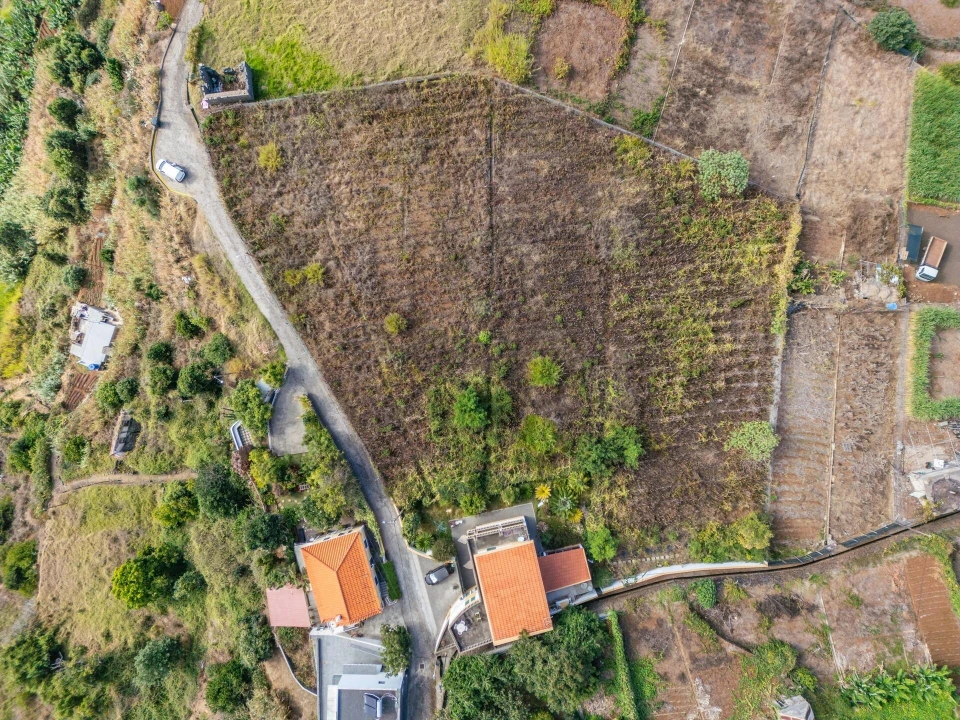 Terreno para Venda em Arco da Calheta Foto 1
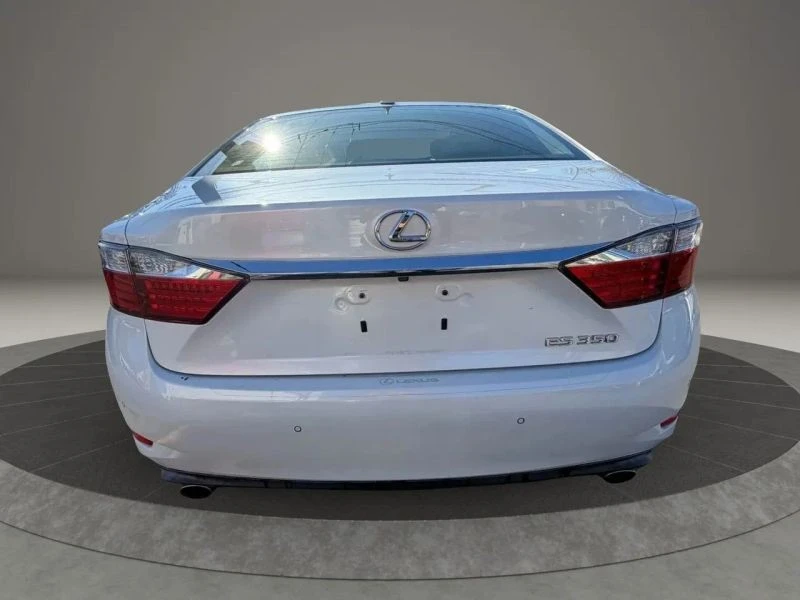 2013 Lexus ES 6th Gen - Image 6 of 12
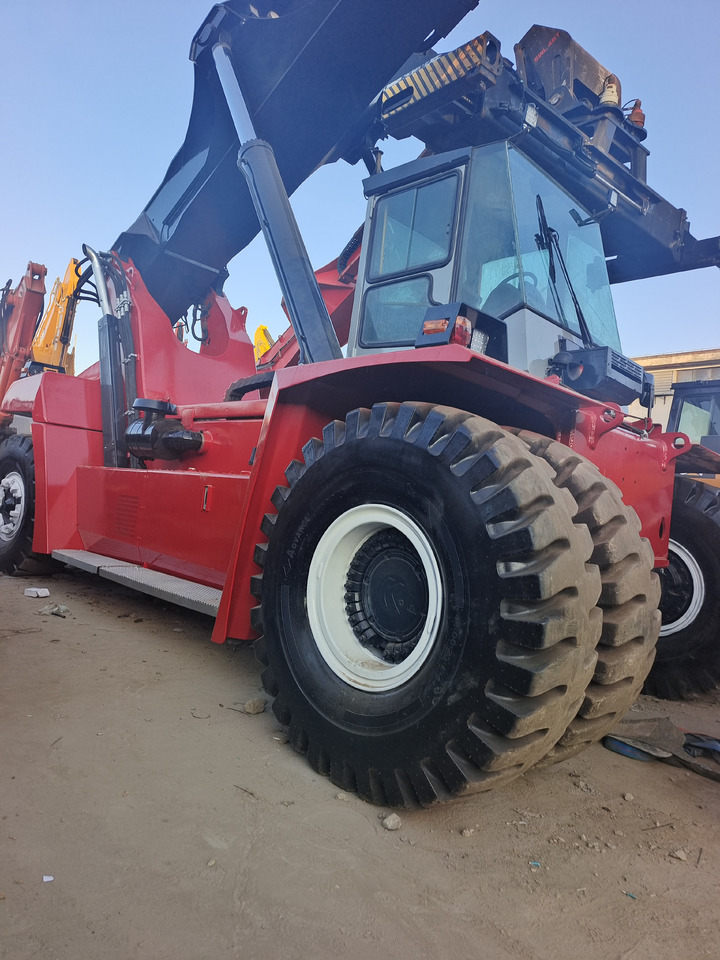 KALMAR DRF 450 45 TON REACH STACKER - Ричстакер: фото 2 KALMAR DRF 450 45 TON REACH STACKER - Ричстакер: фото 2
---
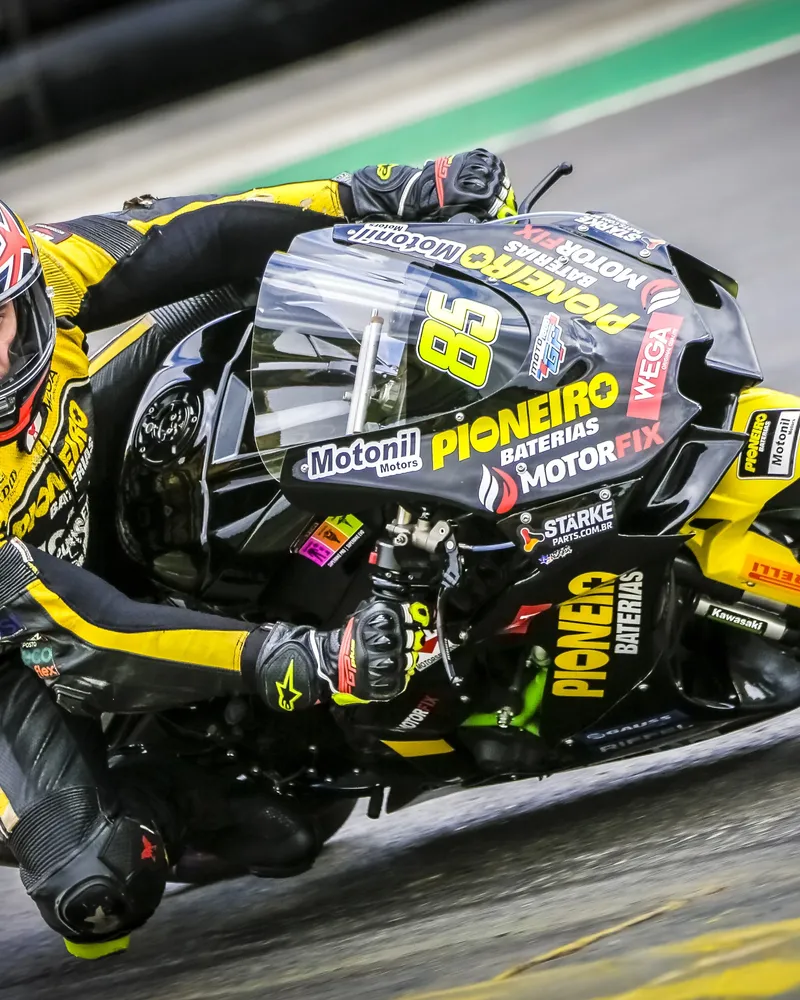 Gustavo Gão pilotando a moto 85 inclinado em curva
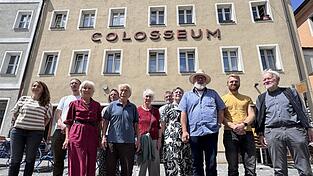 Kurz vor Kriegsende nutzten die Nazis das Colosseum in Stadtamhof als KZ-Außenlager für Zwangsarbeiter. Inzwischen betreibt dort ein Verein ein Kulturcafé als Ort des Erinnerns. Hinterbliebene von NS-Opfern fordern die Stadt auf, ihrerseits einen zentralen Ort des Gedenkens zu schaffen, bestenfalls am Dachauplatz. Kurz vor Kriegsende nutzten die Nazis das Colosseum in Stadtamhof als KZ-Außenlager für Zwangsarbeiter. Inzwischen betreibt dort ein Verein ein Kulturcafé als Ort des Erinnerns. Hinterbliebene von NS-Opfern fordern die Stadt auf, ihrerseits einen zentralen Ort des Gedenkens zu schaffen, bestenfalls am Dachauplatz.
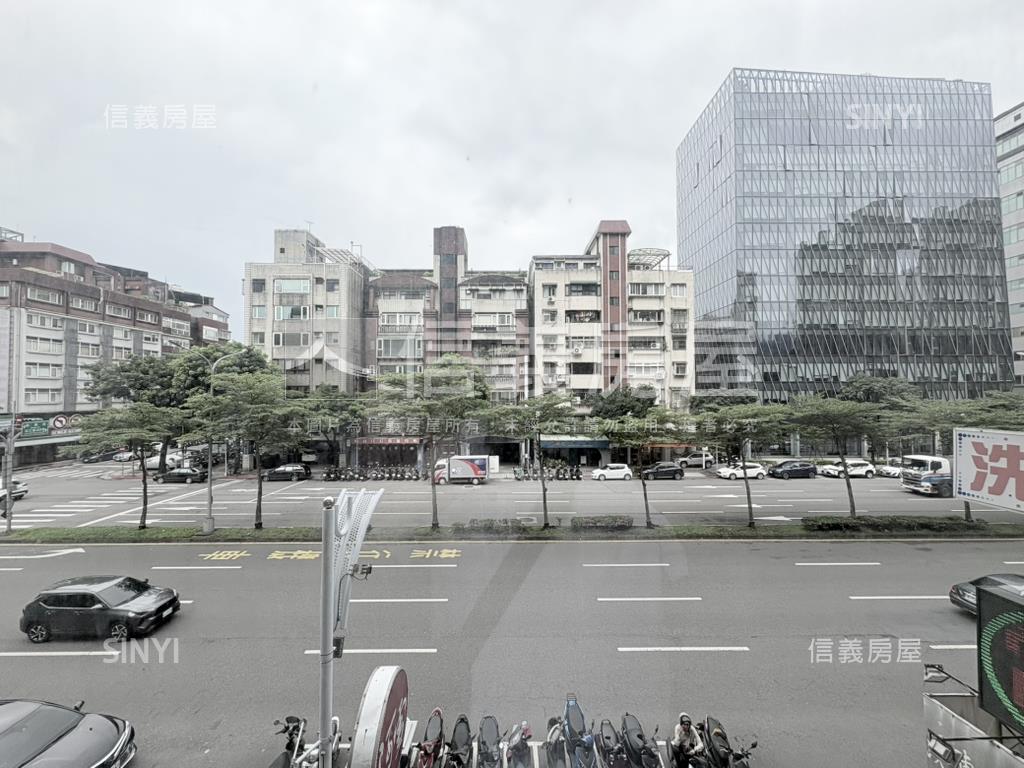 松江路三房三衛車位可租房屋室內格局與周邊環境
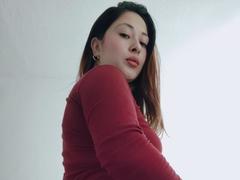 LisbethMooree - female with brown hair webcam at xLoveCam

# What to do:
An exact transcription is needed of the lines from the one with "2013 Lexus ES 6th Gen - Image 6 of 12" to the one with "фото 2 KALMAR" above, both ends included, with pictures left out.

# Answer box:
 2013 Lexus ES 6th Gen - Image 6 of 12
 KALMAR DRF 450 45 TON REACH STACKER - Ричстакер: фото 2 KALMAR DRF 450 45 TON REACH STACKER - Ричстакер: фото 2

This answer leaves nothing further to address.